Reproduce from the records below, with no pictures, exactly the lines between the one containing "Women's loud T-shirt" and the one containing "EVELINE Facemed+ Hydra", inclusive.

GIVEN RECORDS:
*** Begin section ***
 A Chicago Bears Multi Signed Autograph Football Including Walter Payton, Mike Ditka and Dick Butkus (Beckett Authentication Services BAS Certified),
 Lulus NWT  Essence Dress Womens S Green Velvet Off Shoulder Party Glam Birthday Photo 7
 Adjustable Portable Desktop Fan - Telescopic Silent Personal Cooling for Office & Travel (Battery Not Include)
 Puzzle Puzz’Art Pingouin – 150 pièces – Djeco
*** End section ***
*** Begin section ***
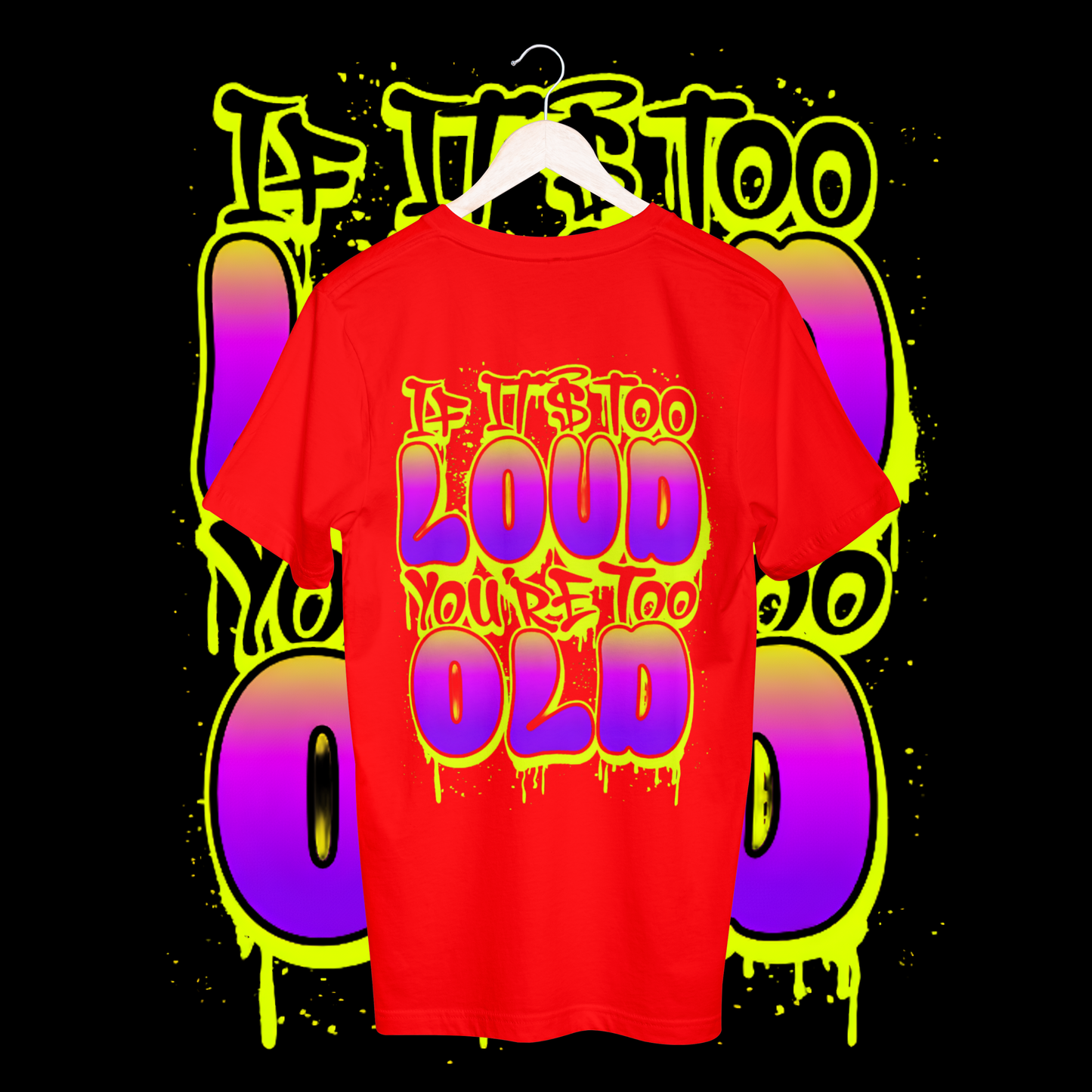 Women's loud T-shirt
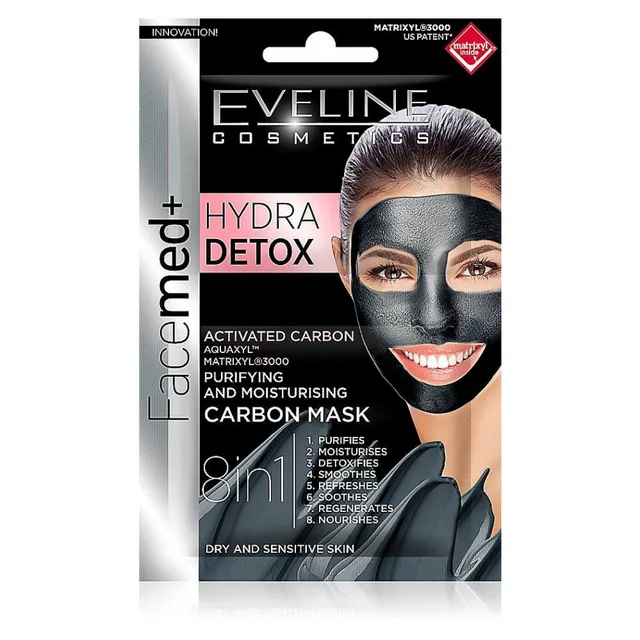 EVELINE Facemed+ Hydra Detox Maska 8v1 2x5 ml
*** End section ***
RESULT OF THE TASK:
 Women's loud T-shirt
 EVELINE Facemed+ Hydra Detox Maska 8v1 2x5 ml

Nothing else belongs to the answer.